Red mud-mediated CO₂ capture for enhanced carbon reduction and waste-to-resource: A review

The direct and simplistic disposal of red mud, a strong alkalinity industrial byproduct, presents substantial environmental contamination hazards. This persistent challenge has severely constrained its application across multiple sectors, thereby impeding large-scale utilization. Thus, dealkalization continues to be the principal work priority for enabling effective red mud utilization. Herein, this study comprehensively examines the manufacturing process, composition, and properties of red mud, performs thermodynamic and kinetic evaluation, and assesses the performance of calcium-enriched system under diverse additive conditions.
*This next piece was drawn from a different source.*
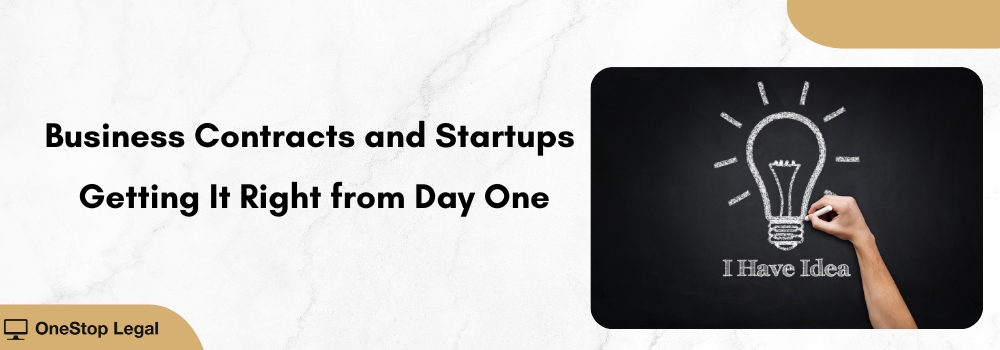 Starting a business? Learn why contracts are essential for startups, including agreements with partners, clients, and suppliers.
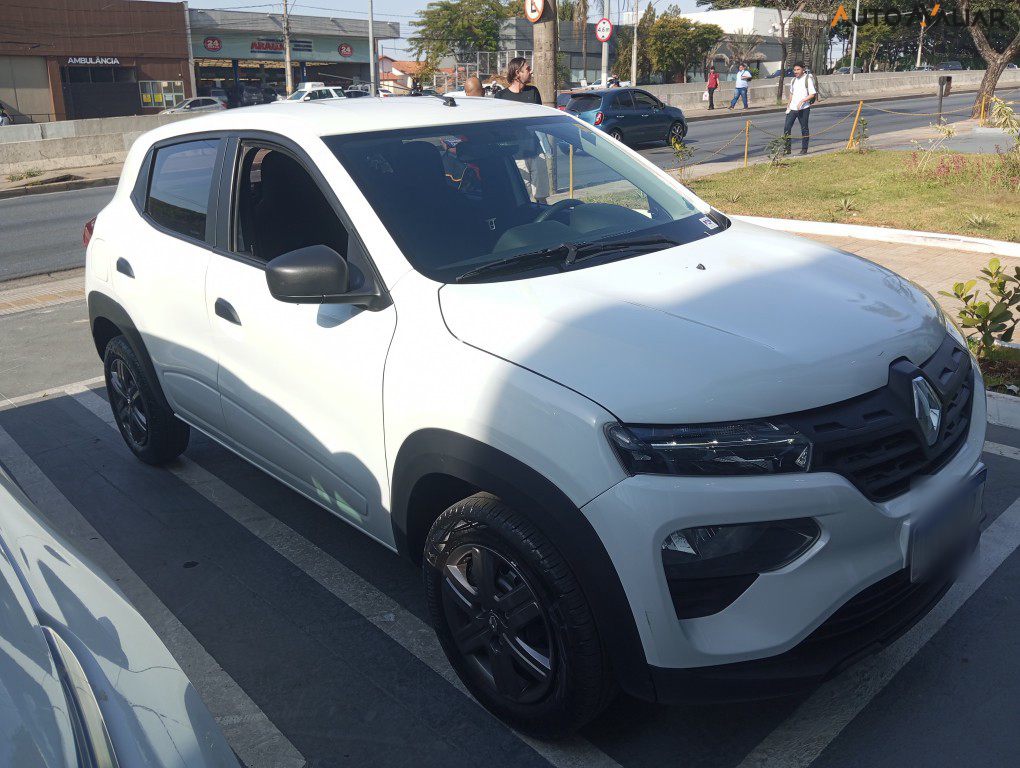 RENAULT KWID 1.0 12V SCE FLEX ZEN MANUAL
This review focuses on carbon sequestration in red mud, aiming to simultaneously achieve effective dealkalization, mitigate environmental pollution, and enable large-scale resource utilization. Additionally, it captures and utilizes CO₂ to mitigate greenhouse gas emissions, aligning with the dual-carbon goals and achieving coordinated treatment of waste gas and solid waste. The alkaline components in red mud exist in two forms: soluble alkali in the supernatant and insoluble alkali in the solid phase. Both can react with carbon dioxide during the carbonation process to form carbonates. These findings offer technical foundations for promoting large-scale low-carbon application research of red mud.